Esta naturalización se vuelve a encontrar en el rechazo general, incluso entre los intelectuales progresistas, a reconocer la especificidad de la organización racista y sexista de la sociedad, de lo que denomino el sistema de castas, racistas o de género. Estos intelectuales consideran que no hay un problema específico, afirman que nos encontramos ante un «simple» problema de clases sociales. En efecto, las clases sociales existen y la mayoría de las personas «castadas» están en la clase inferior: este es el objetivo o, en todo caso, el efecto principal del sistema de castas. Sin embargo, estos mismos intelectuales carecen de explicación para el hecho de que las mujeres, los negros y los árabes estén no solo en la clase inferior sino además en el estrato inferior de esta clase. Y de hecho carecen de explicación porque consideran que no hay necesidad de explicación.

Emmanuel Todd sostenía la siguiente postura en un programa de la televisión: según él, el problema de los «jóvenes de banlieue» es un problema de clase, en resumen, negros y blancos están paralelamente oprimidos por el capitalismo. Y unos minutos después, añadía: «Y, por supuesto, los negros y los árabes se encuentran abajo». Pero, ¿es un problema espontáneo? ¿Acaso estas personas caen, de forma casi física, en el fondo de una clase, como si tuvieran una mayor densidad corporal? ¿El hecho de que siempre sean personas «de color» (y mujeres) quienes están en la base de las clases que ya son inferiores no requiere una explicación sociológica? ¿No se trata de un fenómeno social? Ahora bien, si no es social, entonces es un fenómeno natural: estas personas poseerían unas características que les predispondrían a «caer», a estar abajo. Y, evidentemente, estos intelectuales no se preguntan por qué los blancos y los hombres subsisten en los estratos superiores de cada clase social. ¿Por qué tienen esta ventaja? ¿No serían, por casualidad, los organizadores? En una palabra, ¿no existiría otro sistema que se combina con el sistema de clases? Por consiguiente, se hace frente a unos presupuestos naturalistas que están tan arraigados, incluso entre los intelectuales, que no se expresan. Emmanuel Todd, por ejemplo, ni siquiera es consciente de contradecirse con dos minutos de intervalo: primero las personas racializadas no tenían «un problema específico» y dos minutos después «caían, por supuesto, al fondo».

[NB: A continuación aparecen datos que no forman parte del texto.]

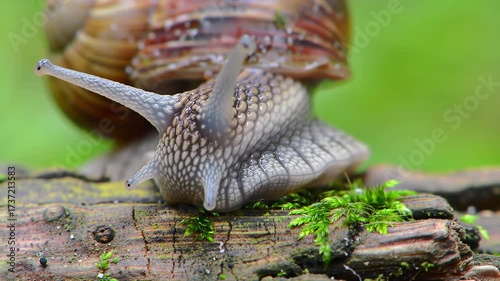 Macro Close Up of a Garden Snail Crawling on Mossy Wood.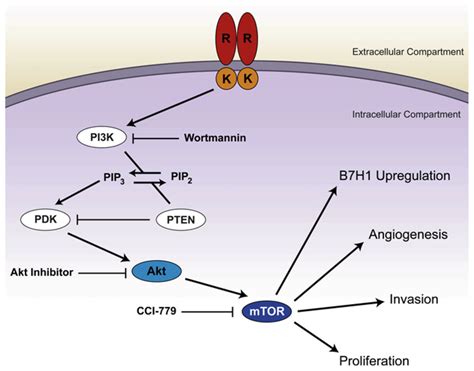 Diagram depicting the PI3K/Akt/mTOR pathway and indicating the ...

También en el campo de la práctica militante de las asociaciones antirracistas se privilegiaba el discurso en relación a los actos. Todavía hoy estas grandes asociaciones, controladas por blancos, cuando inician procesos, lo más frecuente es que lo hagan contra palabras racistas, no contra actos racistas. En este dominio se marca la excepcionalidad francesa: en Estados Unidos se pone el acento contrario, la palabra es más libre, pero se persigue la discriminación de hecho.

Así, hasta el momento tanto la teoría como la práctica antirracistas han resultado ser inútiles o contraproducentes, por no hablar de los grandes timos históricos, como «Touche pas à mon pote» [No toques a mi amigo, nota de la traducción], por medio de los cuales los movimientos de revuelta como la famosa Marcha por la Igualdad de 1983 (que se rebautizó con familiaridad e inexactitud «Marcha de los beurs[13]»), que fueron recuperados y transformados en movimientos culturales y, de este modo, fueron esterilizados por la clase dirigente política. Y esto sigue hoy, como demuestra el ejemplo de Fadela Amara entre otros.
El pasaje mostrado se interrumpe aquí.